Yeah I never thought about it either (and honestly in my situation I couldn’t care if my ex got hit with taxes). But yeah if both parties are amicable, it makes a lot of sense to make divisions favor the parties rather than uncle Sam
Divorce would devastate me financially. I don’t anticipate it of course. And I’d expect an amicable 50/50 division of assets. But I would certainly have to go back to work or continue with a pretty modest retirement.
As it is, we’re very comfortable in early retirement. Even with three three teens. The financial impact of divorce would derail it all.
Thanks for stopping by Colleen. Glad you don’t see a divorce in your future because I agree it can certainly pull the financial rug out from under you. People who retire early may be only able to do so as a couple and may find themselves needing to work again post divorce. I am sure there are some unhappy couples in this situation that are trapped because of this dilemma
I have a friend going through a not so amicable divorce right now. I’ve tried talking to her about how the lawyers are the only ones that come out ahead in the situation they are in…gridlock…now I’ll have to find a way to bring up the tax man.

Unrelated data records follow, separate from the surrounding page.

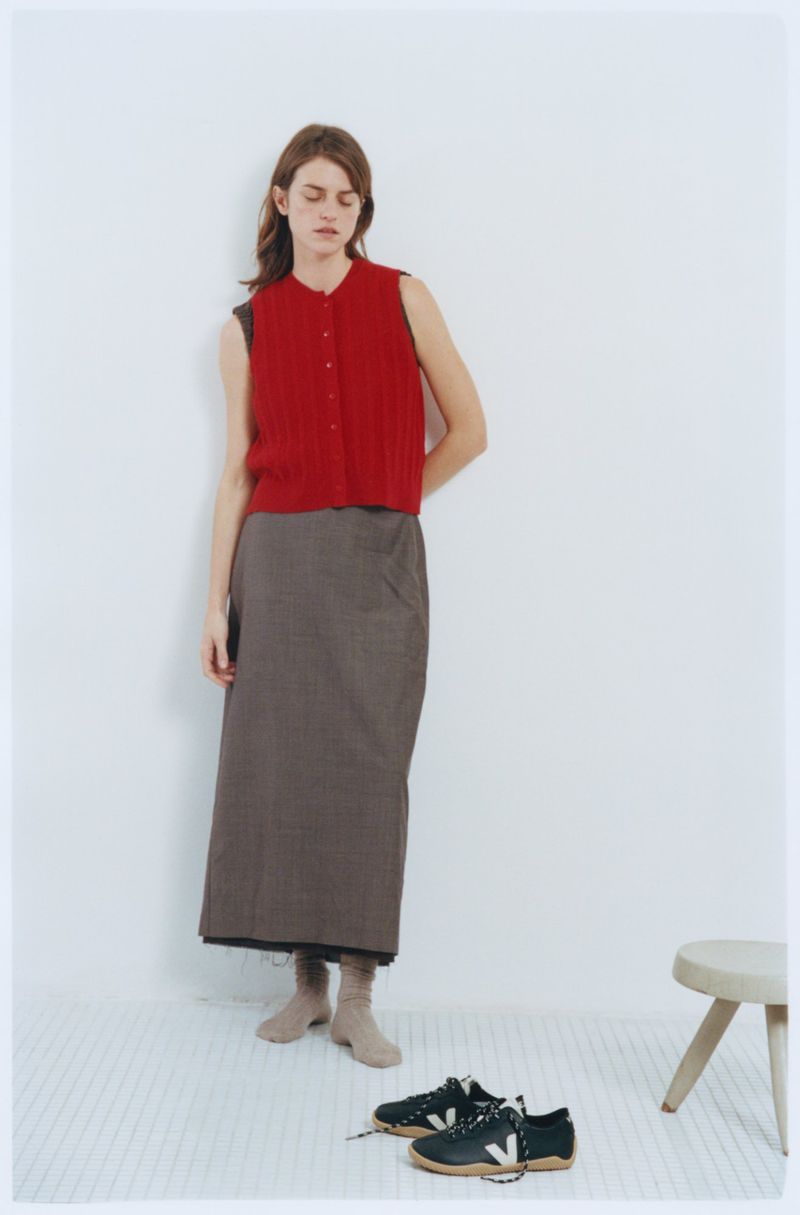 A woman poses indoors wearing a red knit vest, grey skirt, and tan socks, with black sneakers on the floor, against a white wall.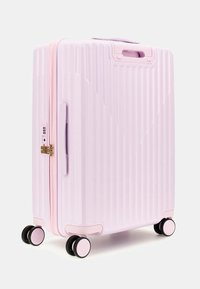 Valigia rigida di colore rosa chiaro con scanalature verticali, zipper dorato, doppio manico laterale e quattro ruote nere per una facile manovrabilità.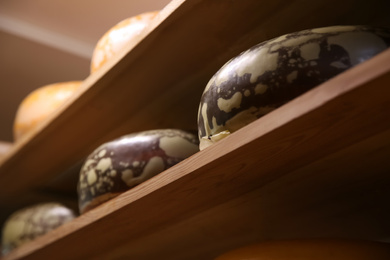 Photo of Fresh cheese heads on rack in factory warehouse, closeup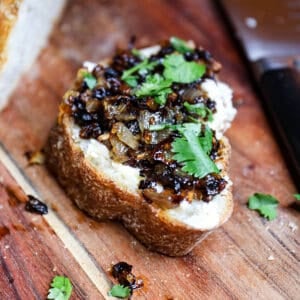 Appetizer Toast with Shallots And Brie On A Baguette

I’m sorry for your friend. Divorce is not fun even under the best of circumstances. When its adversarial (like mine was) it can be an utter nightmare. Yes lawyers are really the only ones who profit for in a contentious divorce (I wrote about my own nightmare where just my legal fees came to $300k: https://xrayvsn.com/2018/05/15/i-have-pretty-much-made-every-mistake-in-the-book-part-iii-2/
It’s sad but true that divorces can come with vindictive spouses who can’t see reason even if it can help them in the long run. All they want to hear is that they are getting their way even if there an even better way for everyone to be happy.
Divorces and taxes.. Two subjects that aren’t very pleasant to a lot of people out there.
I agree completely. I had a brutal divorce and my ex was super vindictive. Spent so much time in court and the only people that profited were the lawyers.